With myriad weather patterns blowing in rain, sleet, snow, and hail during the wildly wet winter months, clouds of all descriptions were unquestionably in abundance. Did you know that clouds can be a source of deep importance, not only for weather but for the sheer enjoyment of ‘non-doing’? Watching clouds is sometimes practiced as a meditation or mindfulness practice. We Americans seem to find it challenging to sit still and do nothing. However, allowing for downtime is a sure way to refill the coffers of energy and creativity, and it is ultimately down-right satisfying to immerse oneself in nature in this manner.

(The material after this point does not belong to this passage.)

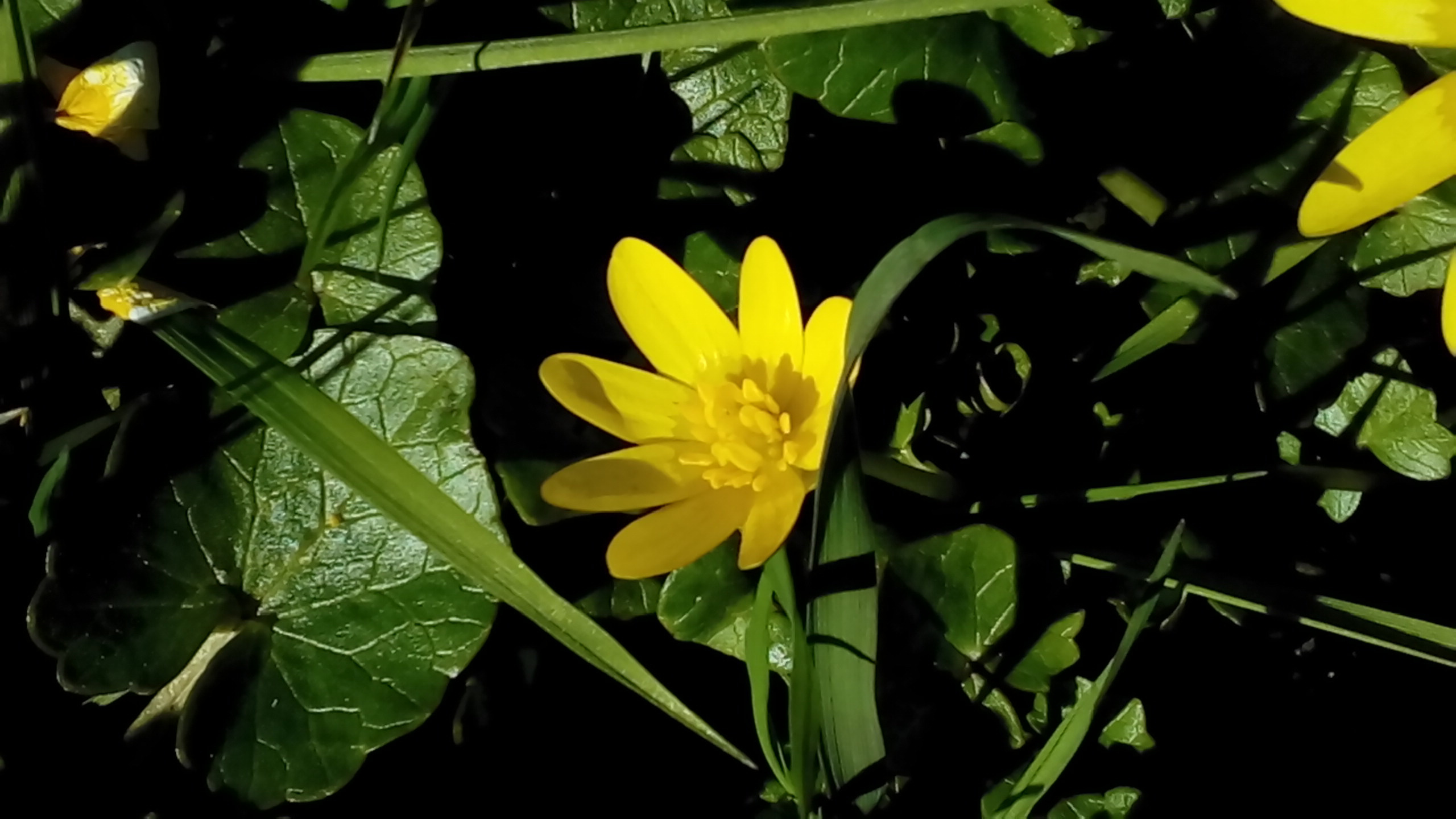 Annexe Fleur de ficaire.jpg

National Geographic’s website discusses the benefits of getting your head in the clouds, and how cloud watching can not only allow for lessons in both science and creativity, but cloud gazing helps build the ability to observe while benefiting our mental health.

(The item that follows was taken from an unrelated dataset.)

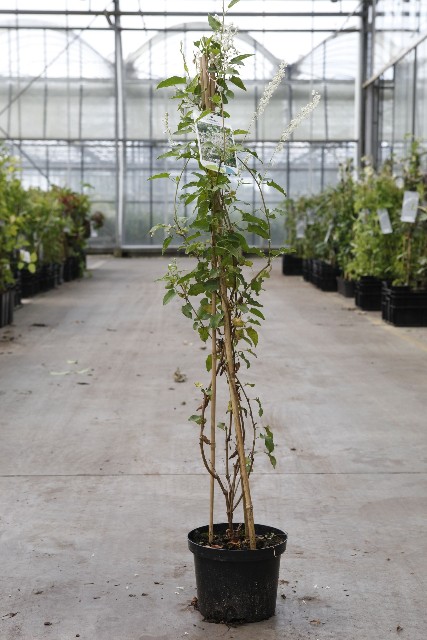 Fallopia (polygonum)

Cloud Appreciation Society founder Gavin Pretor-Pinney gave a Ted Talk on the subject of the idle pursuit of cloud watching. He discussed the science behind the simple art of observing the fluffy drifting shapes. Not only that, he explained that there are now a dozen more names for cloud formations that have been added to the International Cloud Atlas, the official collection of detailed cloud information. Added to the compendium are clouds such as Asperitas, Volutus, Cataractagenitus and more!
Observing clouds provides endless appeal as their shape change into wild and wonderful forms. Clouds can also be thought of as aerial weather labs for predicting weather. Each layer of Earth’s atmosphere allows you to ‘read’ what is going on high above you.
Humans have undoubtedly always been attuned to clouds and their various formations, but clouds weren’t classified scientifically until the French naturalist Chevalier de Lamarck published a cloud-type paper simultaneous with Luke Howard, an English chemist who wrote a literary essay on clouds called “On the Modification of Clouds.” Modern weather forecasters divide Luke Howard’s cloud categories into groups that describe ‘heaped’ clouds that cause unstable air currents, and ‘layered’ clouds that make their origins in stable air.
Audubon’s ‘Field Guide to Weather’ allows you to become a connoisseur of clouds by naming a variety of fluffy, billowy stuff. You will gain a lexicon including the term Fibratus or clouds that appear nearly straight or have curved bits like cirrus clouds. Nebulous clouds are those without pronounced features, while Fractus clouds are shredded in appearance. Dozens of enchanting words exist in the naming of clouds!
Consider this as an invitation to daydream and allow your brain to recharge as we did as children when we gazed skyward to discover elephants and other animals parading across the sky. What could be more mesmerizing than observing the speeding masses of moisture as they zip across the horizon, changing color and shape along the way? Send in the clouds!
Singer/ songwriters Judy Collins Joni Mitchell said it best in a popular 1968 song when they said,
“Bows and flows of angel hair and ice cream castles in the air.
And feather canyons everywhere, I’ve looked at clouds that way”.